2021-10-09 09:11:26

by Wanpeng Li

[permalink] [raw]
Subject: [PATCH v2 1/3] KVM: emulate: Don't inject #GP when emulating RDMPC if CR0.PE=0

From: Wanpeng Li <[email protected]>

DM mentioned that, RDPMC:

IF (((CR4.PCE = 1) or (CPL = 0) or (CR0.PE = 0)) and (ECX indicates a supported counter))
THEN
EAX := counter[31:0];
EDX := ZeroExtend(counter[MSCB:32]);
ELSE (* ECX is not valid or CR4.PCE is 0 and CPL is 1, 2, or 3 and CR0.PE is 1 *)
#GP(0);
FI;

Let's add the CR0.PE is 1 checking to rdpmc emulate, though this isn't
strictly necessary since it's impossible for CPL to be >0 if CR0.PE=0.

Signed-off-by: Wanpeng Li <[email protected]>
---
v1 -> v2:
* update patch description

arch/x86/kvm/emulate.c | 3 ++-
1 file changed, 2 insertions(+), 1 deletion(-)
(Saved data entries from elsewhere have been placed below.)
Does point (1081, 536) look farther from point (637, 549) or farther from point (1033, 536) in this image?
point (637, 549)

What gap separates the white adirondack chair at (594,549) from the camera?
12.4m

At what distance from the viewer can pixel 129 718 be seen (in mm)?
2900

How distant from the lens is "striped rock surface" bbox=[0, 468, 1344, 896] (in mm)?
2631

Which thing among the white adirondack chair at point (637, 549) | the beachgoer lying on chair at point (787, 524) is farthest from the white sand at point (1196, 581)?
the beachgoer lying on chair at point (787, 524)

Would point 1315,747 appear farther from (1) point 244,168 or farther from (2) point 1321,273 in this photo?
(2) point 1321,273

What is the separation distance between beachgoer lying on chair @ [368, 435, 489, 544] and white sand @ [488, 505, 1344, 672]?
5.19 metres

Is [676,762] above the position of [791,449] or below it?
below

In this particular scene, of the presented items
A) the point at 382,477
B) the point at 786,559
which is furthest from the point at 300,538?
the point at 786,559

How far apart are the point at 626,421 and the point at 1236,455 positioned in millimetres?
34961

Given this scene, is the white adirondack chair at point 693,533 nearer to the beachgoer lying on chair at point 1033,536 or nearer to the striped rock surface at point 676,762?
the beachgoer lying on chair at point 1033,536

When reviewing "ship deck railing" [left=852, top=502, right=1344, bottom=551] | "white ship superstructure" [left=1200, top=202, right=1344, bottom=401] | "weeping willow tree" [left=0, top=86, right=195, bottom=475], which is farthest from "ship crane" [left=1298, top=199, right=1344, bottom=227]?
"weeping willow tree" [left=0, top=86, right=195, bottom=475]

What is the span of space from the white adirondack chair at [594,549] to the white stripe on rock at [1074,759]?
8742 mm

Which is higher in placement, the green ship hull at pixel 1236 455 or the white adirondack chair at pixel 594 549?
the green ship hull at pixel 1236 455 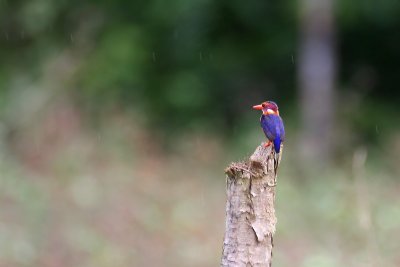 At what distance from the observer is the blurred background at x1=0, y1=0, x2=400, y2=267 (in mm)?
6594

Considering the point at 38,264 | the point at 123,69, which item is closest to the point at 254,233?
the point at 38,264

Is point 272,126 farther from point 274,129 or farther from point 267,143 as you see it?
point 267,143

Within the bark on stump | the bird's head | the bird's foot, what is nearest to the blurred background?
the bird's head

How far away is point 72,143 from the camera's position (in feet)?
26.5

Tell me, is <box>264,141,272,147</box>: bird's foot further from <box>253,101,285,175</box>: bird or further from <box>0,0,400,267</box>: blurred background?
<box>0,0,400,267</box>: blurred background

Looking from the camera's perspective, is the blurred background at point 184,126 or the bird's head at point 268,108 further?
the blurred background at point 184,126

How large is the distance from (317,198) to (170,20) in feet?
19.8

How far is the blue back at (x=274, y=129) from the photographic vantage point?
3121mm

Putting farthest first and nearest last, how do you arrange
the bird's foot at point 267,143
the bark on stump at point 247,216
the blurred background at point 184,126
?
1. the blurred background at point 184,126
2. the bird's foot at point 267,143
3. the bark on stump at point 247,216

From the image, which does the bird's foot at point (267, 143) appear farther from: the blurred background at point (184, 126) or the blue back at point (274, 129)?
the blurred background at point (184, 126)

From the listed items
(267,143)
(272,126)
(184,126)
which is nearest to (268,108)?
(272,126)

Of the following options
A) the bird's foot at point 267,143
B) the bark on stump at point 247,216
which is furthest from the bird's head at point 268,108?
the bark on stump at point 247,216

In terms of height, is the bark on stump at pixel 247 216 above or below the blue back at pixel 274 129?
below

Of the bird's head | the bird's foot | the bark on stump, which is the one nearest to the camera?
the bark on stump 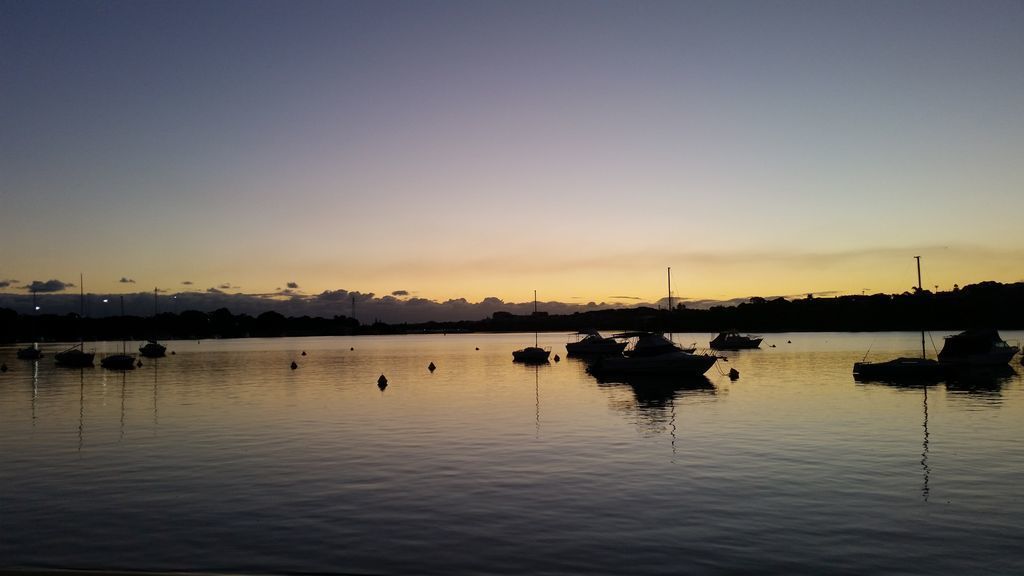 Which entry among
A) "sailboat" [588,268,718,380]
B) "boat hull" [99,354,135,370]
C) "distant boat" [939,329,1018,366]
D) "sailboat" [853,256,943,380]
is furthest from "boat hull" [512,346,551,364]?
"boat hull" [99,354,135,370]

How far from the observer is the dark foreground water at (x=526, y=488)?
14633 mm

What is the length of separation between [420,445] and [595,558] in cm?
1669

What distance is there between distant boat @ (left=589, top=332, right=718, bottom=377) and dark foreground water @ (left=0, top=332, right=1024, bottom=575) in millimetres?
19843

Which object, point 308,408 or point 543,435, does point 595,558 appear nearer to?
point 543,435

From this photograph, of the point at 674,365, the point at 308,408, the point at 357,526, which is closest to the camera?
the point at 357,526

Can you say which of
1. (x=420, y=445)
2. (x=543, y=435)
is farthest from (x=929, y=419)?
(x=420, y=445)

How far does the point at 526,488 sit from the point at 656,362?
152 ft

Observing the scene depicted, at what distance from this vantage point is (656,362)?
6550 cm

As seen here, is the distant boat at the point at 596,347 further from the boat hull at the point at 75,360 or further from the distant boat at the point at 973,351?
the boat hull at the point at 75,360

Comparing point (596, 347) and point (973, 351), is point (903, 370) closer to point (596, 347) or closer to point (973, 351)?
point (973, 351)

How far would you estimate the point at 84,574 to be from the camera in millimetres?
8031

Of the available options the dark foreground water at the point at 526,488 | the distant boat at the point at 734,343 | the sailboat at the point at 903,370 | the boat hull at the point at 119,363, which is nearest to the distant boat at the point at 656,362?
the sailboat at the point at 903,370

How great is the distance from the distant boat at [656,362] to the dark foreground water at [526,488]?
1984 cm

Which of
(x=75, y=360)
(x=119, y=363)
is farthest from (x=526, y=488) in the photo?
(x=75, y=360) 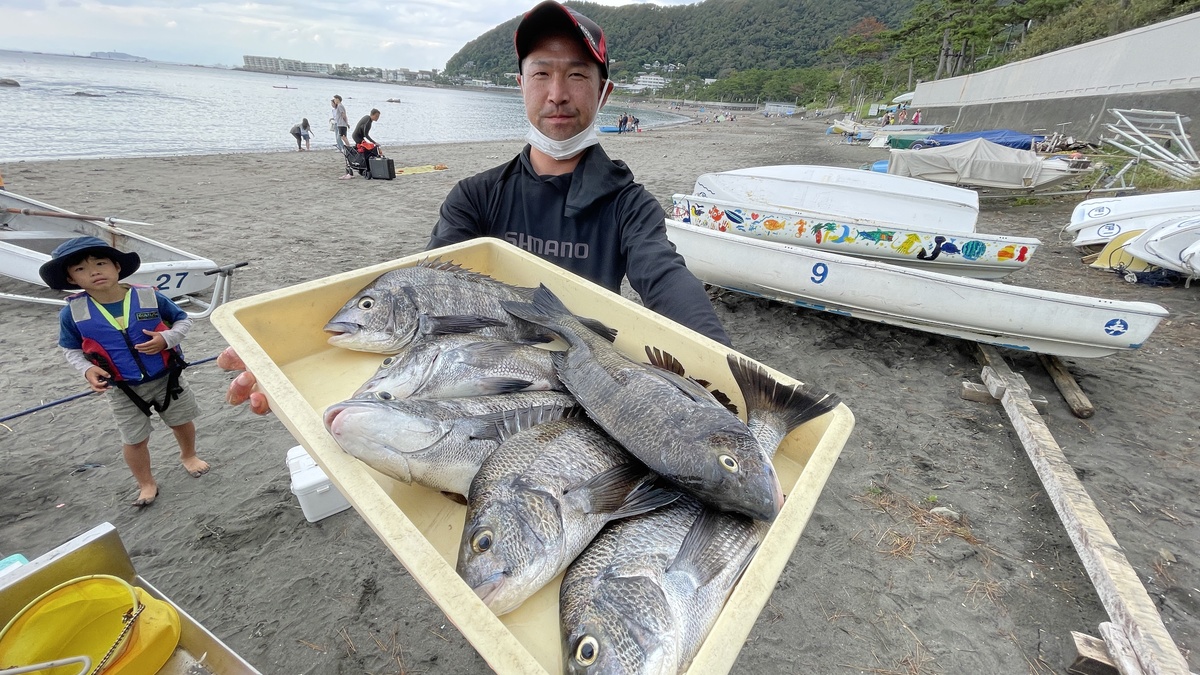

diff --git a/arch/x86/kvm/emulate.c b/arch/x86/kvm/emulate.c
index 9a144ca8e146..ab7ec569e8c9 100644
--- a/arch/x86/kvm/emulate.c
+++ b/arch/x86/kvm/emulate.c
@@ -4213,6 +4213,7 @@ static int check_rdtsc(struct x86_emulate_ctxt *ctxt)
static int check_rdpmc(struct x86_emulate_ctxt *ctxt)
{
u64 cr4 = ctxt->ops->get_cr(ctxt, 4);
+ u64 cr0 = ctxt->ops->get_cr(ctxt, 0);
u64 rcx = reg_read(ctxt, VCPU_REGS_RCX);

/*
@@ -4222,7 +4223,7 @@ static int check_rdpmc(struct x86_emulate_ctxt *ctxt)
if (enable_vmware_backdoor && is_vmware_backdoor_pmc(rcx))
return X86EMUL_CONTINUE;

- if ((!(cr4 & X86_CR4_PCE) && ctxt->ops->cpl(ctxt)) ||
+ if ((!(cr4 & X86_CR4_PCE) && ctxt->ops->cpl(ctxt) && (cr0 & X86_CR0_PE)) ||
ctxt->ops->check_pmc(ctxt, rcx))
return emulate_gp(ctxt, 0);

--
2.25.1


2021-10-09 09:12:34

by Wanpeng Li

[permalink] [raw]
Subject: [PATCH v2 3/3] KVM: vCPU kick tax cut for running vCPU

From: Wanpeng Li <[email protected]>

Sometimes a vCPU kick is following a pending request, even if @vcpu is
the running vCPU. It suffers from both rcuwait_wake_up() which has
rcu/memory barrier operations and cmpxchg(). Let's check vcpu->wait
before rcu_wait_wake_up() and whether @vcpu is the running vCPU before
cmpxchg() to tax cut this overhead.

We evaluate the kvm-unit-test/vmexit.flat on an Intel ICX box, most of the
scores can improve ~600 cpu cycles especially when APICv is disabled.

tscdeadline_immed
tscdeadline
self_ipi_sti_nop
..............
x2apic_self_ipi_tpr_sti_hlt

Suggested-by: Sean Christopherson <[email protected]>
Signed-off-by: Wanpeng Li <[email protected]>
---
v1 -> v2:
* move checking running vCPU logic to kvm_vcpu_kick
* check rcuwait_active(&vcpu->wait) etc

virt/kvm/kvm_main.c | 13 ++++++++++---
1 file changed, 10 insertions(+), 3 deletions(-)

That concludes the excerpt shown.